Robots.txt got some much-needed TLC last week, courtesy of Cloudflare’s latest update.
Cloudflare’s new Content Signals Policy effectively upgrades the decades-old honor system and adds a way for publishers to spell out how they do (and perhaps more importantly – how they don’t – want AI crawlers to use their content once it’s scraped.)
For publishers, that distinction matters because it shifts the robots.txt file from a blunt yes-or-no tool into a way of distinguishing between search, AI training and AI outputs. And that distinction goes to the heart of how their content is used, valued and potentially monetized.
It includes the option to signal that AI systems shouldn’t use their material for things like Google’s AI Overviews or inference.
Several publishers Digiday has spoken to over the last several months have at one point or another described the current robots.txt as “unfit for purpose.” And while this upgrade still doesn’t ensure AI compliance, it does at least set a new precedent for better transparency and means publishers can spell out, in black and white, how they want AI crawlers to use their content – a move many publishers have welcomed as long overdue.
And yet, none are blind to the glaringly obvious: without enforceability, the risk remains that AI platforms will still extract value from their work without compensation.
“The Policy separates out search, AI-train, and AI-crawl, which is a well-evolved understanding of how publishers should think about AI,” said Justin Wohl, vp of strategy for Aditude and former chief revenue officer for fact-checking site Snopes and TV Tropes.
Cloudflare’s policy distinguishes between different ways AI systems use content: ‘search, where material might be pulled into something like an AI Overview with the potential for attribution or referral; ‘train,’ where content is ingested to build the model itself, often without compensation; and ‘crawl,’ where bots systematically scrape pages.
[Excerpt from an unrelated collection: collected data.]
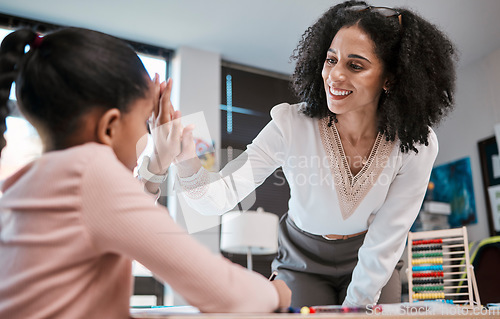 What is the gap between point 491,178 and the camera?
3.15m

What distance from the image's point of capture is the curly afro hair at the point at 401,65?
939 mm

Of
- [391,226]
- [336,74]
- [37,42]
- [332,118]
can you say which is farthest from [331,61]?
[37,42]

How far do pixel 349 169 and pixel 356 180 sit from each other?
1.2 inches

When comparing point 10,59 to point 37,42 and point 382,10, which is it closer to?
point 37,42

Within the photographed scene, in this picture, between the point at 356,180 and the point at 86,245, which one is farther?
the point at 356,180

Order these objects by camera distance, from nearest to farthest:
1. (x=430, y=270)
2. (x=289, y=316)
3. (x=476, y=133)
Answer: (x=289, y=316) → (x=430, y=270) → (x=476, y=133)

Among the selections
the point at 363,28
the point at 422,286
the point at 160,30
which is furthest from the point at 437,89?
the point at 160,30

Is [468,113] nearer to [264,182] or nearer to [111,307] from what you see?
[264,182]

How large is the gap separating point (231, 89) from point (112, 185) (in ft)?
5.93

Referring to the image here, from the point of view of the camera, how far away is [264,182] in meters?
1.02

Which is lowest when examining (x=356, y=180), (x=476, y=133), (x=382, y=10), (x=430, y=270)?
(x=430, y=270)

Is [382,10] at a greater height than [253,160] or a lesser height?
greater

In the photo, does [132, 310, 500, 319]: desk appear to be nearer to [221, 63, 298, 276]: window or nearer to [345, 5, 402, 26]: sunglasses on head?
[221, 63, 298, 276]: window

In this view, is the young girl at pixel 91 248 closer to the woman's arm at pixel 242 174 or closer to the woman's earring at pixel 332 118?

For publishers, separating these use cases matters — because only one of them offers even the possibility of return, while the others risk extracting value without reward, noted Wohl.
“The Content Signals Policy is an increasingly necessary solution in that when Google is creating its AI Overviews, the bots are somewhat indistinguishable from humans as they navigate sites, and are going to cause publishers’ IVT scores to explode, if the user agents haven’t been identifiable and the scoring impacts of them mitigated by the companies measuring such things for advertisers,” added Wohl.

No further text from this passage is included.